It’s the start of the Formula One season. Lots of races for sports fans to enjoy, lots of potential data stories for those who like to viz out the F1 seasons. Such good data to play with.
So began the season and a comment I read from a driver about how “the cars are getting closer and closer in terms of time” stuck with me. After the qualifying session, I checked. And indeed, every car is inside a 2 second gap from pole position to the last. Pretty short times if you check out the link.
https://www.bbc.com/sport/formula1/2023/bahrain-grand-prix/results/qualifying
But what does that look like? So I though to plot it, use that length thing people are so good at to see if the gaps can been seen/understood better. Be fun, be easy since not much data and Tableau makes a Gantt chart well. Ohhhh was I wrong.

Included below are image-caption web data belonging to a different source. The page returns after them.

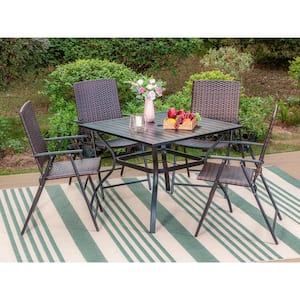 Black 5-Piece Metal Slat Square Table Patio Outdoor Dining Set with Folding Reclining Rattan Chairs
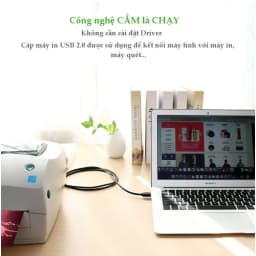Thumbnail Dây máy in USB 2.0 chuẩn A đực sang chuẩn B đực UGREEN US135 | 3 lớp chống nhiễu | Tốc độ truyền dữ liệu 480Mbps 4
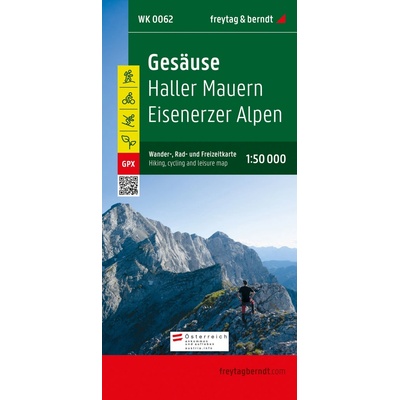 Gesause 1:50,000 Hiking, Cycling and Leisure map, Haller Mauern Eisenerzer Alpen Freytag-Berndt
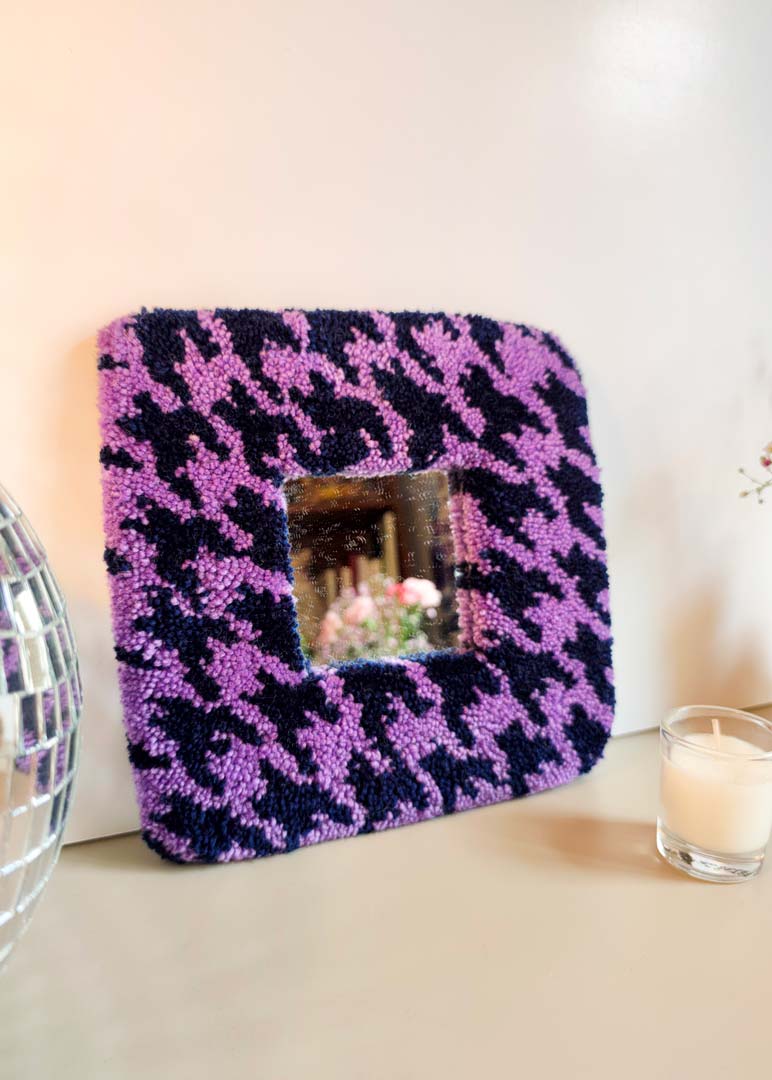 Miroir tufté - pied-de-poule violet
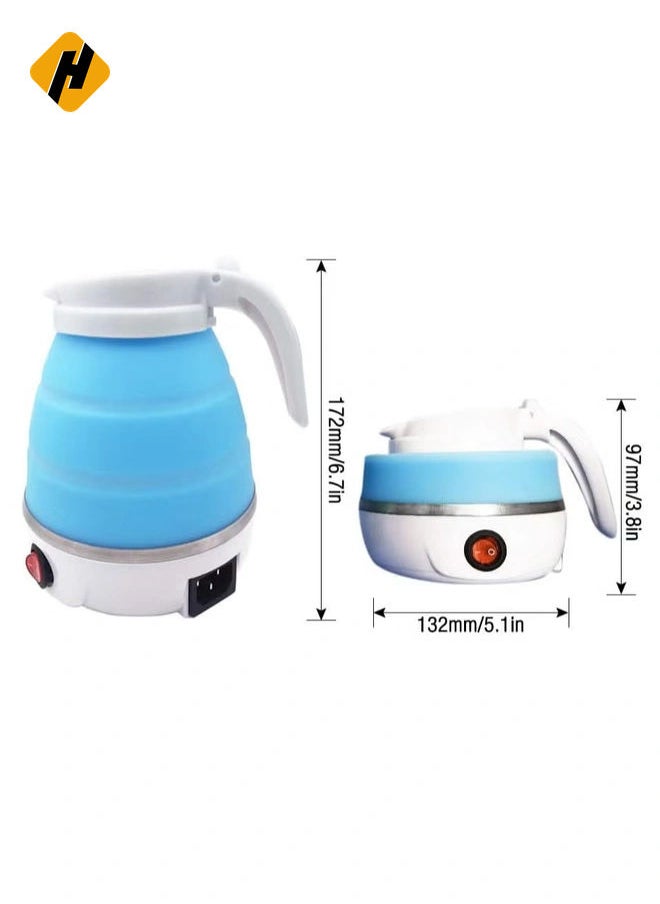 Foldable kettle, Portable Foldable Electric Kettle for Travel Food Grade Silicone Electric Water Heater Collapses with Separable Power Cord Ideal for Hiking Camping and indoor(0.6L, blue)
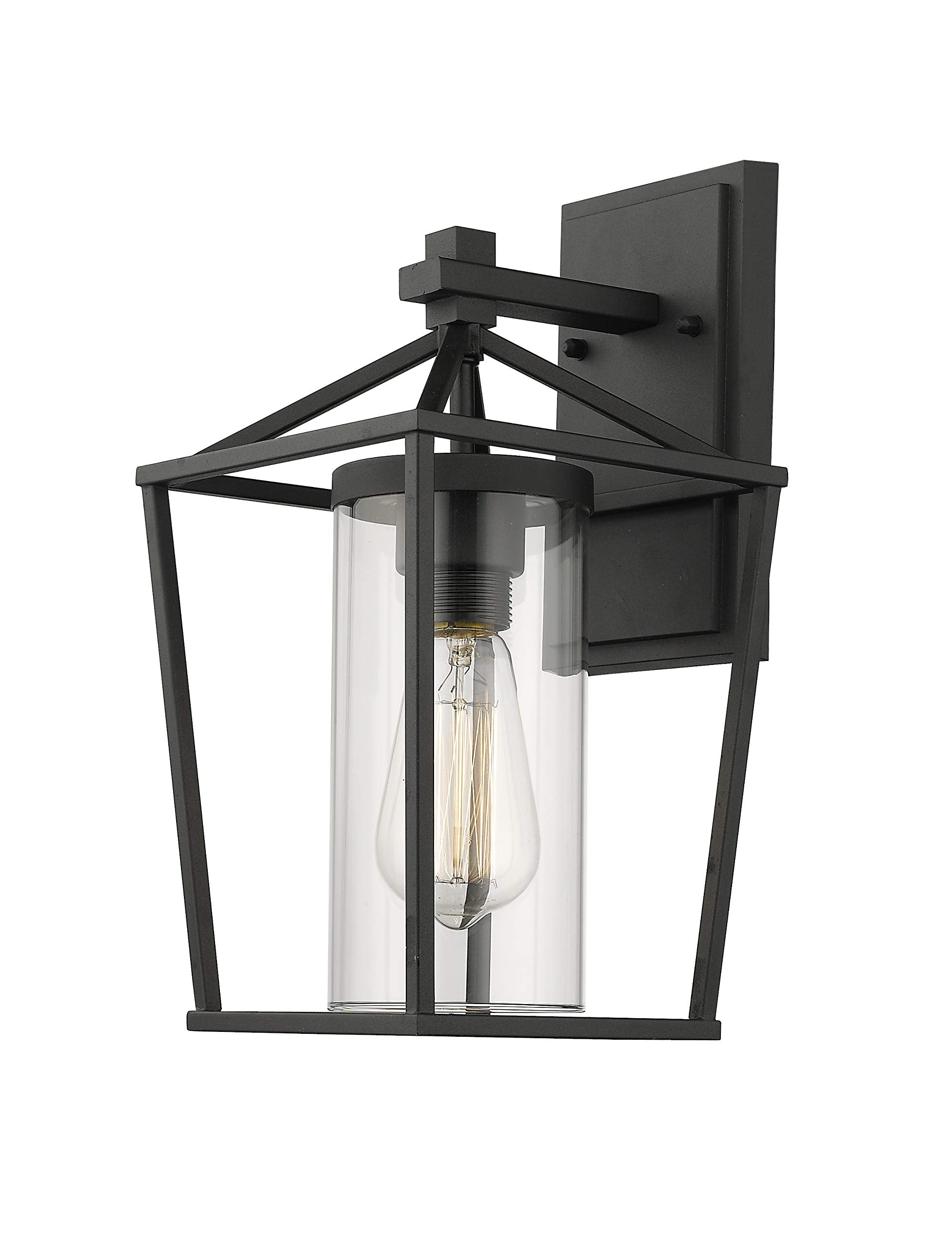 Emliviar Outdoor Porch Lights, 2 Pack Wall Mount Fixtures, Black Metal With Clear Glass, 13.8&quot;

Seems that date functions in Google sheets, Tableau and others don’t handle microseconds well. Seconds yes, microseconds no. So some searching later, some other comments how bad its handled and I’m of with math. Ended up converting the time to numbers to handle the microseconds – so multiplied the seconds element by 1000 and worked with numbers, keeping in mind that the 1000, 2000 marks meant it was a new second. So math done, time to see it.

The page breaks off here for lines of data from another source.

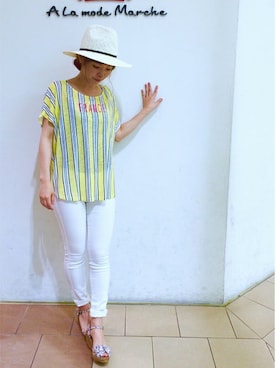 「A La mode Marche（アラモードマルシェ）のアイテム」を使った、maruさん（レディース・155cm）の夏コーディネート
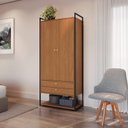 Ver imagem 1 de Armário Alto Closet Fechado 2 Portas 2 Gavetas e Prateleira MDF e Aço Canela/Preto Fosco
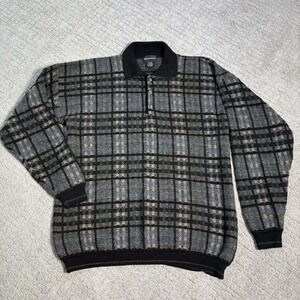 Conte di Milano Sweater Mens XLT Black Gray Tan Pullover Polo Wool Sweatshirt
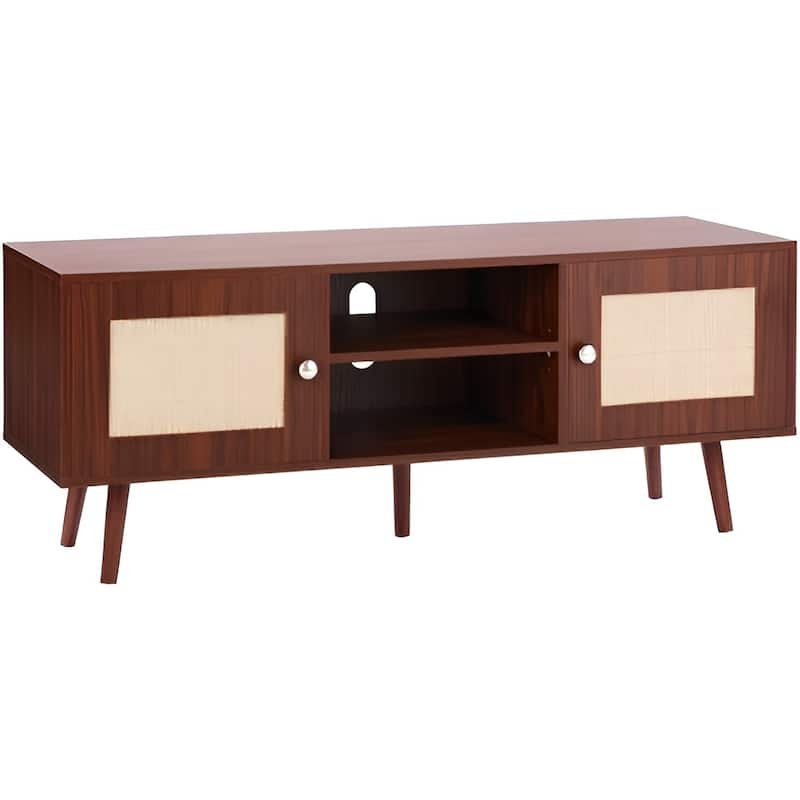 Mid Century Modern Rattan TV Console for Living Room and Media Room - Walnut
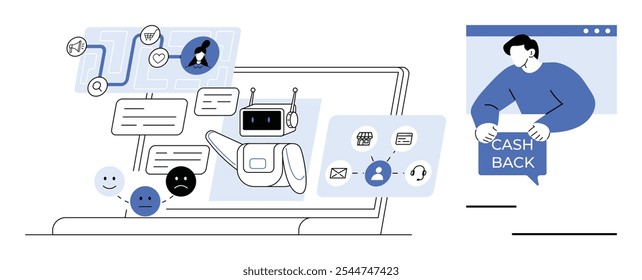 AI chatbot providing digital customer support on laptop, with various icons for email, messages, and satisfaction levels. Ideal for online customer service, AI technology, user feedback, ecommerce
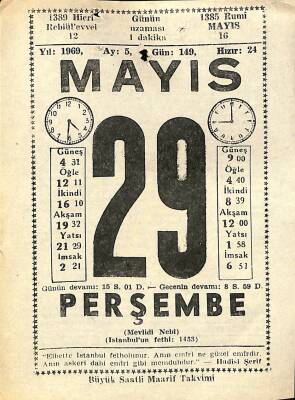 29 Mayıs 1969 Takvim Yaprağı - Doğum Günü Hediyesi EFM(N)11015 - 1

Got a reasonable view out in the end. The length shows the top 10 mostly grouped up together, some very very close drivers in terms of time, the inevitable large gap to Max Verstappen and clusters for the other two qualifying sessions. Added the previous year as well (same need to manually crunch, took less time since I know what to do) and you can see on the same track, for 20 drivers in 10 teams, they are indeed qualifying closer and closer to each other.
The remarkable thing, the whole top visual covers a span of under 2 seconds. The slowest driver in the slowest car is a less than 2 seconds slower over a lap (90 seconds plus) than the fastest. 2 seconds at nearly 200 km/hr goes by fast.

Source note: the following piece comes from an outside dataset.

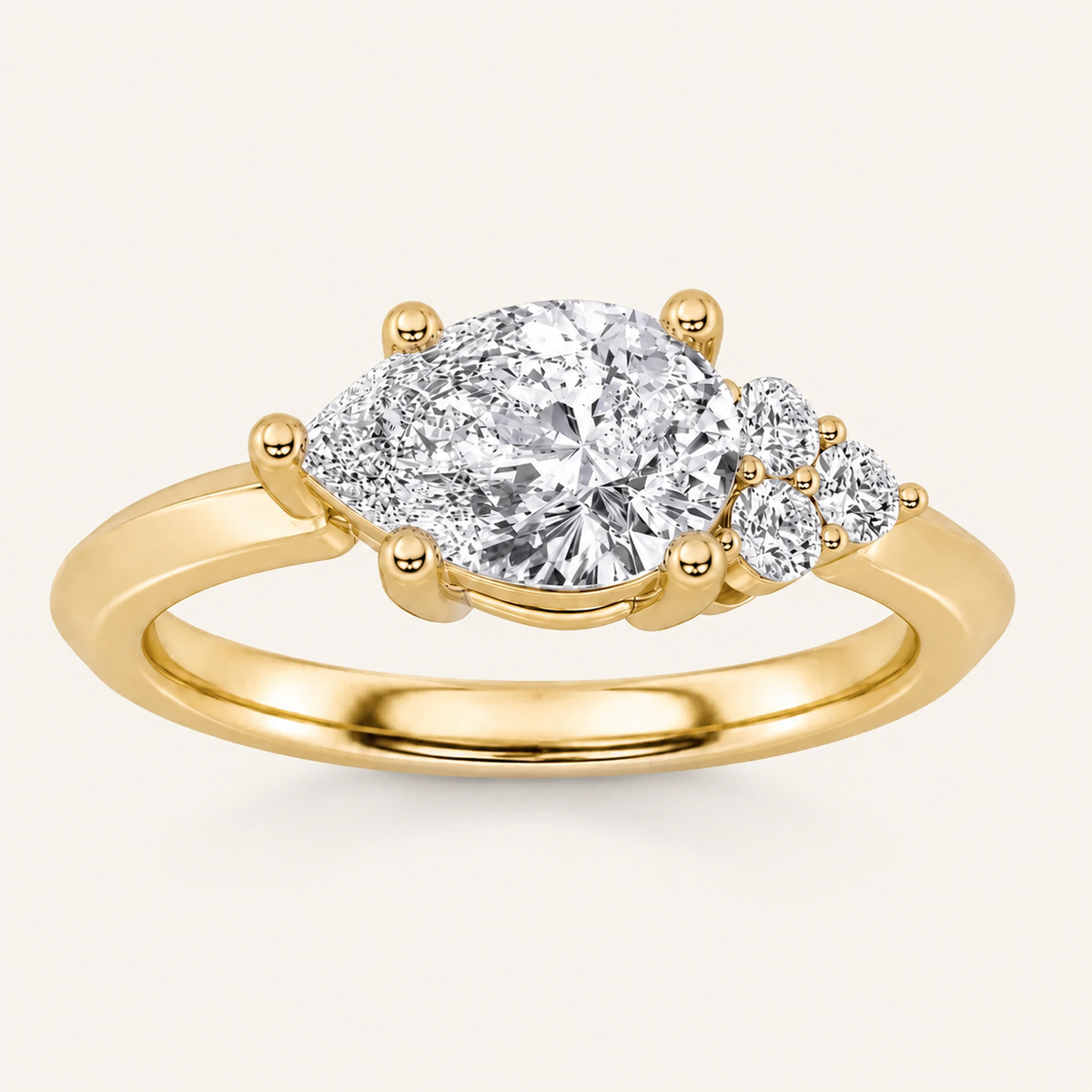 1 CT Pear Cut Lab Grown Diamond East West Side Stone Ring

What next? Well, enjoy the F1 season. I might try to covert the time to distance to show in a different way just how close these cars are performance wise. And with lots of races, let’s hope for some interesting events in the season so each race generates some interesting data viz opportunities.
So, my tip for you. If you are going to work with short times, microseconds, be prepared to convert the minutes and seconds from time to integer numbers.